[Notes] (SIGIR2022) CAUM: News Recommendation with Candidate-aware User Modeling

Haren Lin
4 min readMay 17, 2022

Paper Link

https://arxiv.org/pdf/2204.04726.pdf

Observation

Existing methods first model user interests and candidate news content separately and then use their representations for interest matching. In these methods, user interests are modeled in a candidate-agnostic way. However, each user usually has multiple interests, and it may be difficult to accurately match candidate news with a specific user interest if candidate news is not considered in user modeling.

簡單講:或許把 Candidate News 一起抓進來做 User Representation,會比直接做 Encode 效果來得好!

Existing Methods (Left: NRMS; Right: NPA)

Idea

審視這篇論文作者的論點:

  1. User usually has multiple interests. However, a candidate news usually only matches a small part of them. 從上圖可以看出 User 有多重興趣,包含政治、音樂、體育、旅遊。4th Candidate news 只匹配到 User 的政治興趣,與該用戶的其他興趣(如音樂和體育)相關性較低。因此,如果在用戶建模中不考慮候選新聞信息,則可能難以準確匹配候選新聞。
  2. Local contexts of users’ news click behaviors are useful for inferring short-term user interests. 從上圖 12th & 13th clicked news 之間的相關性推斷出用戶最近對威斯康辛州旅行的短期興趣。
  3. Long-range relatedness between users’ historical clicks also provides rich information to model long-term user interests. 從 5th & 10th clicked news之間的長期相關性推斷出用戶對音樂的長期興趣。

Thus, understanding both short- and long-term user interests is important for accurate news recommendation.
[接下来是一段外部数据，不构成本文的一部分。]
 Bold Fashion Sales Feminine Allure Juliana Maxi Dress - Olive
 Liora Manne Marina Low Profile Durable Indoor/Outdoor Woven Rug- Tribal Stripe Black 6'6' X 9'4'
看到作者這句話,我第一直覺想到的就是 LSTUR 這篇論文提出的模型,稍微看了一下這篇 CAUM,其實他就是 LSTUR 的進化版!

Recap: LSTUR

Model Architecture

Candidate-Aware User Modeling 模型整體架構主要分成三個區塊:(1) Candi-SelfAtt Module (2) Candi-CNN Module (3) Candi-Attention Module

CAUM Model Architecture

Part 1. Candi-SelfAtt Module (Long Term Interest Modeling)

首先是 Candi-SelfAtt Module,新聞點擊的 Long-range context 通常可以為推斷 global user interests 提供重要的信息。此外,不同的遠程行為上下文對於捕捉不同的全球用戶興趣通常具有不同的重要性(所以需要 Attention)。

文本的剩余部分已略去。